# When musicians make noises and sounds during performances...



## Livly_Station (Jan 8, 2014)

Often you're listening to a piece of music when suddenly you hear _gasps_ or _moans_ or _hummings_ or whatever from the musicians themselves, even in studio recordings, especially if it's a chamber or solo work.

Do you love it? Do you hate it?

I kinda like it, actually. It's immersive and... sexy.


----------



## Red Terror (Dec 10, 2018)

Livly_Station said:


> Often you're listening to a piece of music and suddenly you hear _gasps_ or _moans_ or _hummings_ or whatever from the musicians themselves, even in studio recordings, especially if it's a chamber or solo work.
> 
> Do you love it? Do you hate it?
> 
> I kinda like it, actually. It's immersive and... sexy.


How about farts? And is it... sexy?


----------



## Livly_Station (Jan 8, 2014)

Red Terror said:


> How about farts? And is it... sexy?


Have yet to go through this experience!


----------



## Manxfeeder (Oct 19, 2010)

A friend of mine was trying to get his girlfriend into classical music. As he went to drop off a letter, he left his girlfriend in the car and put on something by Glenn Gould. When he returned, she was wide-eyed and terrified. She thought she heard someone outside the car grunting and moaning. 

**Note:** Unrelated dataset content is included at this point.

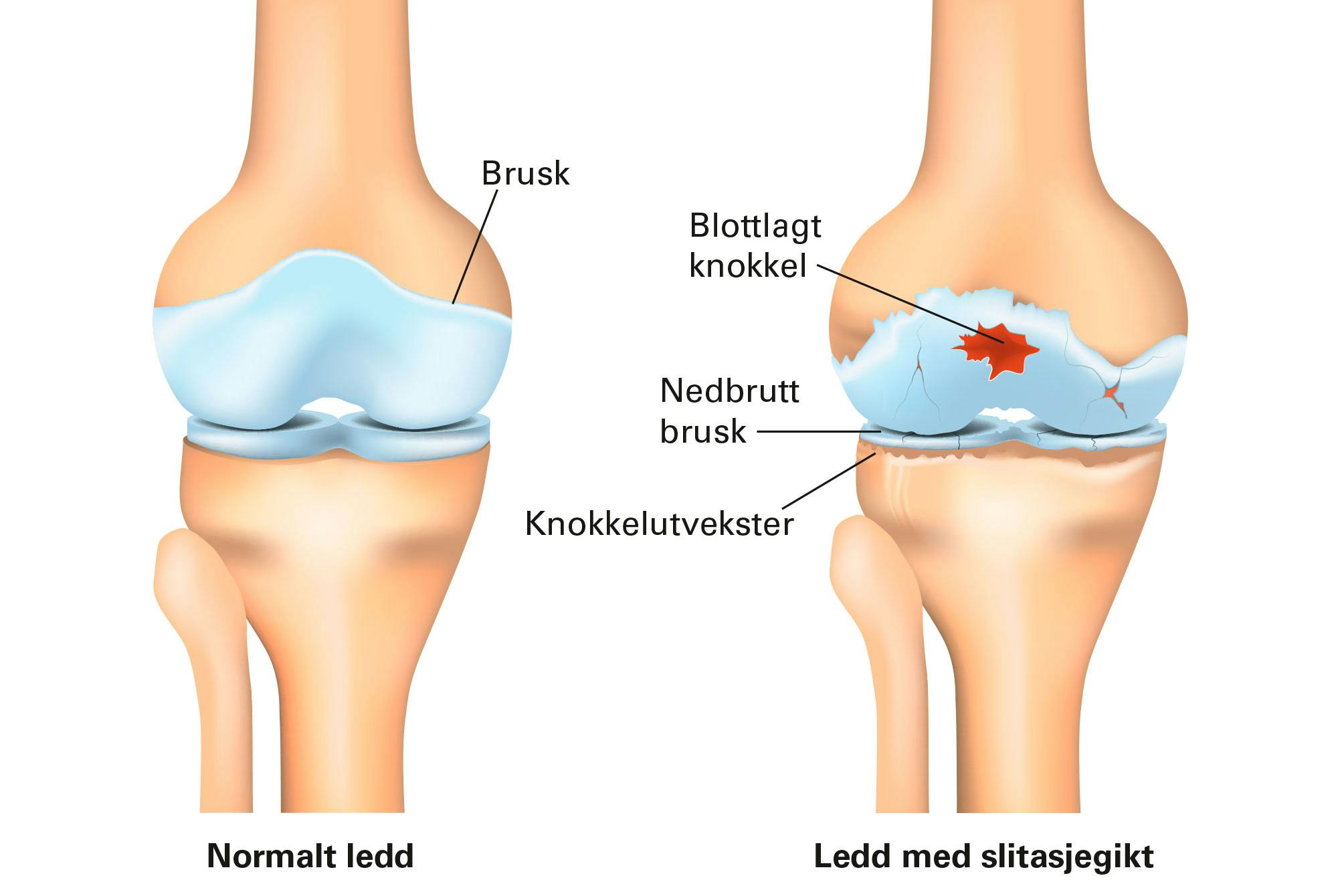 Grafisk fremstilling av slitasjegikt i kneleddet.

The moral of the story is, if you want to introduce someone to classical, try someone who is quiet when they perform.


----------



## Livly_Station (Jan 8, 2014)

This story is hilarious! lol 

Well, it's understandable since popular music nowadays is produced "perfectly", meaning it doesn't have any noise or "imperfection" whatsoever, all deleted or fixed in the DAW. Even the singers' breathing is erased, usually. So Glenn Gould must be a shock!


----------



## mbhaub (Dec 2, 2016)

It's annoying. Barbirolli hummed along at times. Gergeiv is noisy. Bernstein stamps his feet. Then there's Segerstam who is in a class by himself:


----------



## Bulldog (Nov 21, 2013)

Manxfeeder said:


> A friend of mine was trying to get his girlfriend into classical music. As he went to drop off a letter, he left his girlfriend in the car and put on something by Glenn Gould. When he returned, she was wide-eyed and terrified. She thought she heard someone outside the car grunting and moaning.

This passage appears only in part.